Поэтому критикуемая Марксом капиталистическая ситуация "экономической несвободы" в действительности (в силу господства здесь правового способа экономических отношений между собственниками и несобственниками, нанимателями и наемными рабочими) является ситуацией правовой, а следовательно, и экономической свободы.
Требуемая же марксистским коммунизмом внеправовая "экономическая свобода" (посредством уничтожения частной собственности и ее обобществления) ведет к бесправию и тотальной несвободе, к экономической несвободе всех, включая и бывших собственников, и "освобожденных" пролетариев. Здесь, при социализме, все люди оказываются несобственниками и существуют в условиях экономической несвободы — в тотальной зависимости от пролетарско-коммунистической диктатуры, распоряжающейся всеми объектами бывшей частной собственности, всеми производительными силами, включая и непосредственного производителя.

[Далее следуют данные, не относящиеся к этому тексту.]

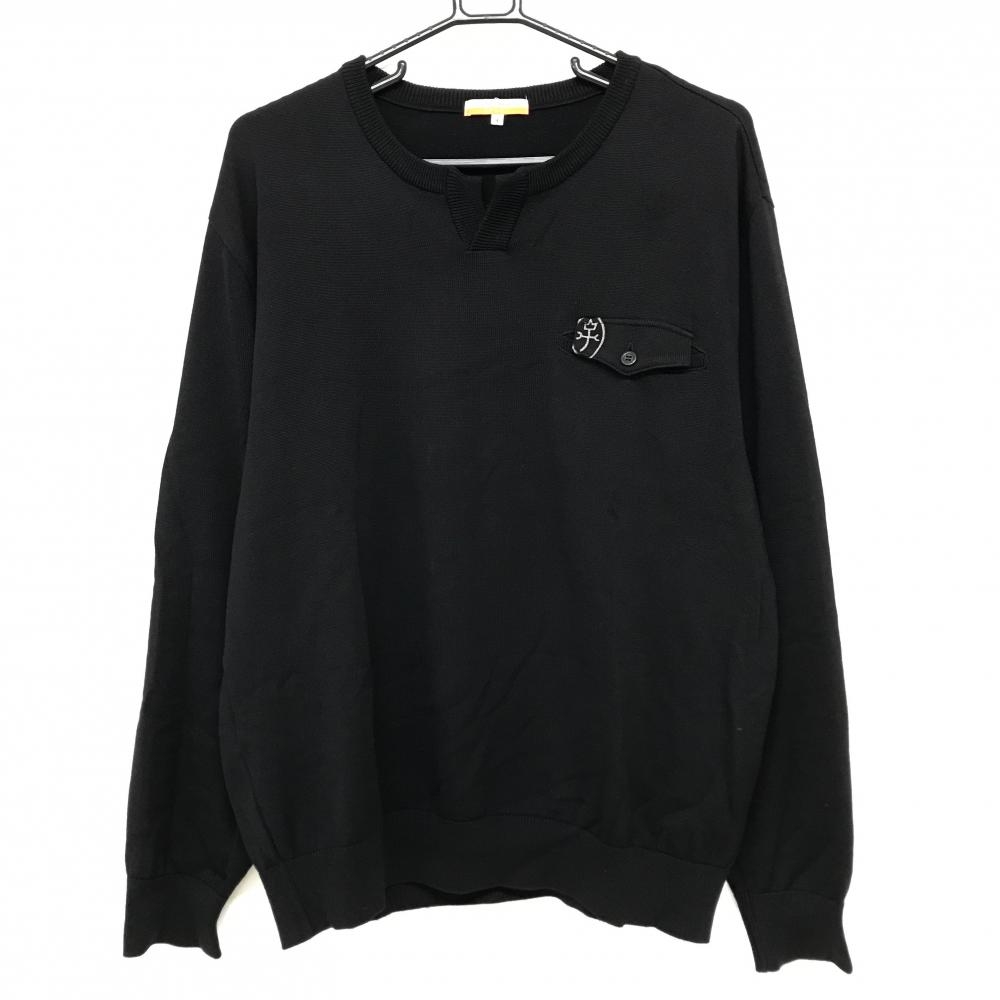 【超美品】カステルバジャック セーター 黒 ウール100% 胸ポケット ニット メンズ 4(XL) ゴルフウェア CASTELBAJAC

Вместе с ликвидацией права членов общества (включая и непосредственных производителей) на частную собственность отрицается и собственность всех индивидов на свою рабочую силу, т. е. экономическая основа юридической свободы труда и предпосылка правового договора о добровольности найма на работу и увольнения с нее, о размере заработной платы и т. д.
"Экономическая несвобода", о которой говорит Маркс, т. е. экономико-правовые отношения буржуазной свободы, при социализме действительно уничтожается вместе с ликвидацией частной собственности, права, свободной личности, товарно-денежных отношений, свободы труда и т. д. Но отрицание этих присущих капитализму экономико-правовых форм свободы вовсе не означает, вопреки марксистским ожиданиям, позитивного утверждения каких-то других форм свободы. Коммунистическое освобождение от капитализма оказывается негативной "свободой" от экономико-правового типа общественных отношений, "свободой" от права и без права.